Being a match maker (!) between the moms and potential employers. I care for these women and also for the organizations that work with us to hire them, and I want to set them both up for success. I am on a mission to match the right mom with the right job, and I think I am pretty good at it. I have learned over time to trust my gut; I can’t articulate why I know a good fit when I see it, I just know. I also love supporting the mom when it’s tricky, encouraging her to be self-sufficient in communication with the employer, and if it doesn’t work, figuring out why and what went wrong so it can be better the next time.
And then there are the stories of the women we serve. Like the mom who came to us in her early 50s, with kids almost grown. She barely made it into the program because to qualify you have to have children living in the home or be in a reunification plan. She graduated, and she calls us on the first day of Christmas Break crying because she just got payed 13 dollars and hour to make pancakes for her kids and grandkids.

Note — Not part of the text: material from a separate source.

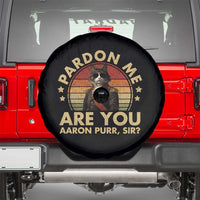 Alexander Hamilton Cat Spare Tire Cover Funny Gifts For Fans Cat Lovers - Wonder Print Shop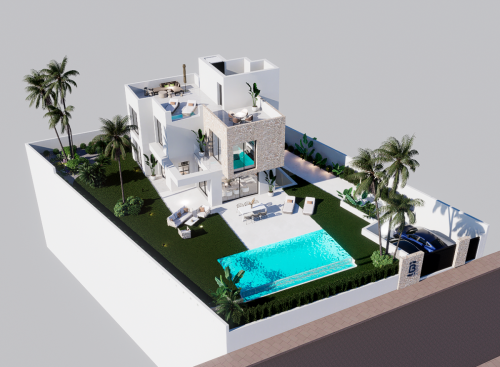 Willa , Finestrat - Benidorm, od 699.900 euro nr. (ref.IM02)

She couldn’t believe that that was her life now. Or the mom that had been homeless for a couple of years before joining the program. She got on her feet through people from her church that helped out and gave her a place to live. She started working with Climb with a 3-week-old baby, she graduated, and she just got her own apartment 2 blocks away from her baby’s daycare and 3 blocks away from her work. She has a job with benefits now! In six months she went from being homeless to making thirteen dollars an hours with benefits. I could talk about Climb as an organization all day, but those are the stories that keep me going.
You are so dedicated to these moms. Are you a mom yourself?
I am an occasional foster mom. My husband is a school counselor, and there was a kid at his school that had been living in a crisis center for 7 months. That’s not a place designed to have kids for that long, and we wanted to help him. So we went through the certification process and got him to come to live with us. He was in our house for almost a year, and we have fostered other teenage kids since. We don’t have any foster children living with us at the moment, but we did it for 3, 4 years.
It seems to me that it has to be such a calling. I have biological children and sometimes, when it gets really tough, the commitment I made when I brought them into the world is what keeps me going. How do you do it?
I don’t even think about the fact that they are not my biological children; we signed up for this and it is our responsibility to show up. It is beautiful, infuriating, hard, sad… I get mad at the system at times for making it so complicated. I’m a maternal person; I have an instinct for it and like helping kids. Because we work with older kids the relationship is different than what foster parents of younger children experience. Earning they trust is tricky, but so fulfilling when you get there. It is a mixed bag, confusing, complicated... It has changed the dynamics of our marriage and bonded us in a special way. No other experience in my life has shaped me like being a foster mom has. It has forced me to get to a healthy place in my life, to address things I wasn’t satisfied with but wasn’t dealing with, to come to grips with the reality that there were healthy, stronger, happier places I wanted to go in life. Being a parent to a teen that wasn’t my own child helped me get really authentic really quickly.
Are the places you want to go in life in Laramie? You are not leaving, are you?
I am not planning on it. My father asks me “Why do you live in Laramie? It’s so cold and windy.” And the truth is I can’t express with words the love I have for this community. I like going to the grocery store and finding people you know and love, every single time. Having people to share the hard times and the good times with. Having that kind of support. I am not a good planner; for the most part I just stumble upon things. I it is hard to plan ahead into the future, but I don’t see a need for it right now. I love my career, my people… this place is my home.